ASSIGNED TASK:
From the line that holds "GLENDALE, ARIZONA - JANUARY" to the last line of the data, copy everything exactly; leave out all the rest.

DATA PROVIDED:
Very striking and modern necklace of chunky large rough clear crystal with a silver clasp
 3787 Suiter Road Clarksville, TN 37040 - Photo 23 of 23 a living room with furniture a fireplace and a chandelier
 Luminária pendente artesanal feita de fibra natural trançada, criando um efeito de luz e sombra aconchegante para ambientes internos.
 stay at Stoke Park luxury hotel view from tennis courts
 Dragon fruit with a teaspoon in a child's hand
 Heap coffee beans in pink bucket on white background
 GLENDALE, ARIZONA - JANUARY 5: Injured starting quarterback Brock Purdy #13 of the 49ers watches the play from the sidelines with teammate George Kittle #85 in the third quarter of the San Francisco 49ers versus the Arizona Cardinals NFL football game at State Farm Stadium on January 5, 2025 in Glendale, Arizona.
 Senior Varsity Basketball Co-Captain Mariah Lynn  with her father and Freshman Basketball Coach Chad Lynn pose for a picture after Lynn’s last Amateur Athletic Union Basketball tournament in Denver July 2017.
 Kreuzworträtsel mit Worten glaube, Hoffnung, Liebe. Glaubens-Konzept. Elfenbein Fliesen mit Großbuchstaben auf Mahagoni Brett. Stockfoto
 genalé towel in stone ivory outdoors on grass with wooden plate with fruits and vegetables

SOLUTION FOR THIS PROBLEM:
 GLENDALE, ARIZONA - JANUARY 5: Injured starting quarterback Brock Purdy #13 of the 49ers watches the play from the sidelines with teammate George Kittle #85 in the third quarter of the San Francisco 49ers versus the Arizona Cardinals NFL football game at State Farm Stadium on January 5, 2025 in Glendale, Arizona.
 Senior Varsity Basketball Co-Captain Mariah Lynn  with her father and Freshman Basketball Coach Chad Lynn pose for a picture after Lynn’s last Amateur Athletic Union Basketball tournament in Denver July 2017.
 Kreuzworträtsel mit Worten glaube, Hoffnung, Liebe. Glaubens-Konzept. Elfenbein Fliesen mit Großbuchstaben auf Mahagoni Brett. Stockfoto
 genalé towel in stone ivory outdoors on grass with wooden plate with fruits and vegetables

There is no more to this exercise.